Quienes sostienen esta acepción hicieron circular por las redes sociales y los medios alternativos una respuesta a los que justificaban la represión. Esta postura se condensó en una frase que devino consigna: “violencia también es mentir”. Es en referencia a los dichos del presidente Mauricio Macri en los tiempos anteriores a la reforma. Como por ejemplo, el famoso tweet en el que dice que “Los jubilados serán prioridad para nosotros”.
Es decir, esta postura entiende a la violencia no sólo ni necesariamente como física sino también como la violencia simbólica; en este caso, mentir y recortar el gasto público.
Entonces, la idea de violencia habilita múltiples interpretaciones, que influyen directamente en la lectura de lo ocurrido en Congreso durante aquella semana. ¿Fue represión o se hizo justicia? ¿Quién ejerció la violencia, las fuerzas de seguridad, quienes que asistieron a la movilización o el Poder Ejecutivo? ¿Hacia quién se ejerció esa violencia? ¿Hacia los jubilados, hacia la policía o hacia la democracia?
Pensar en el otro
Así como ocurre con las palabras “democracia” y “violencia”, este fenómeno ocurre con muchas otras: “robo”, “ladrón”, “laburar”… El sentido que cada uno tome dependerá de factores como la crianza, la educación, el contexto político y el consumo de los medios de comunicación.
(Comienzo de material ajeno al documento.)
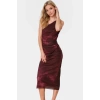 Tek Omuzlu Bodycon Midi Elbise Örme Tül Şık Tasarım Seçkin Malzeme Profesyonel Görünüm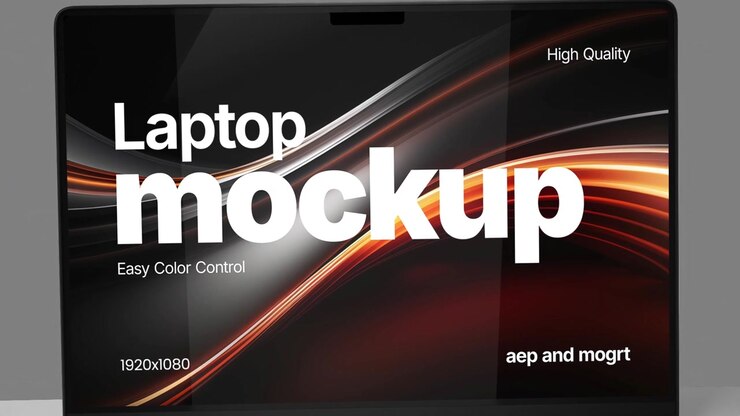 Modern Laptop Computer Displaying Abstract Graphic Design Mockup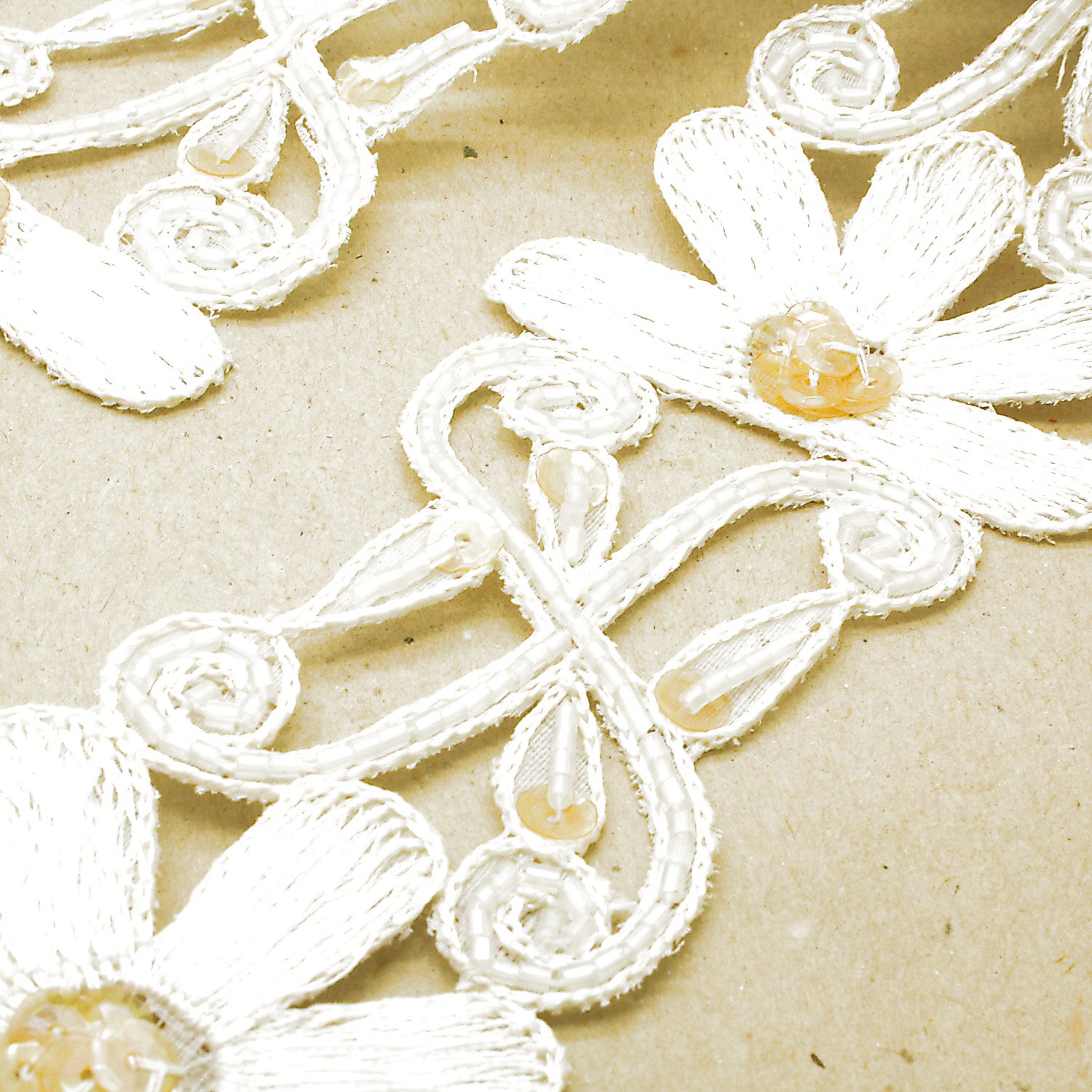 IVORY BEADED SEQUIN TRIM - sarahi.NYC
Y en realidad, no está mal que aparezcan significados diferentes, porque es legítimo que existan diferentes lecturas de la realidad.
Aun así, cabe preguntarse si esas lecturas alimentan al bien común o al egoísmo, fomentan la mirada crítica o repiten discursos instalados, construyen un mundo más inclusivo o retroceden en la conquista de derechos. Justamente, de eso se trata la disputa por construir un sentido común desde el lenguaje.
La disputa es constante y eterna, pero quien lograra imponer un sentido común en la definición de ciertas palabras, terminaría generando como consecuencia un sentido común en la lectura de la realidad. De este modo, la disputa por el sentido es una disputa política.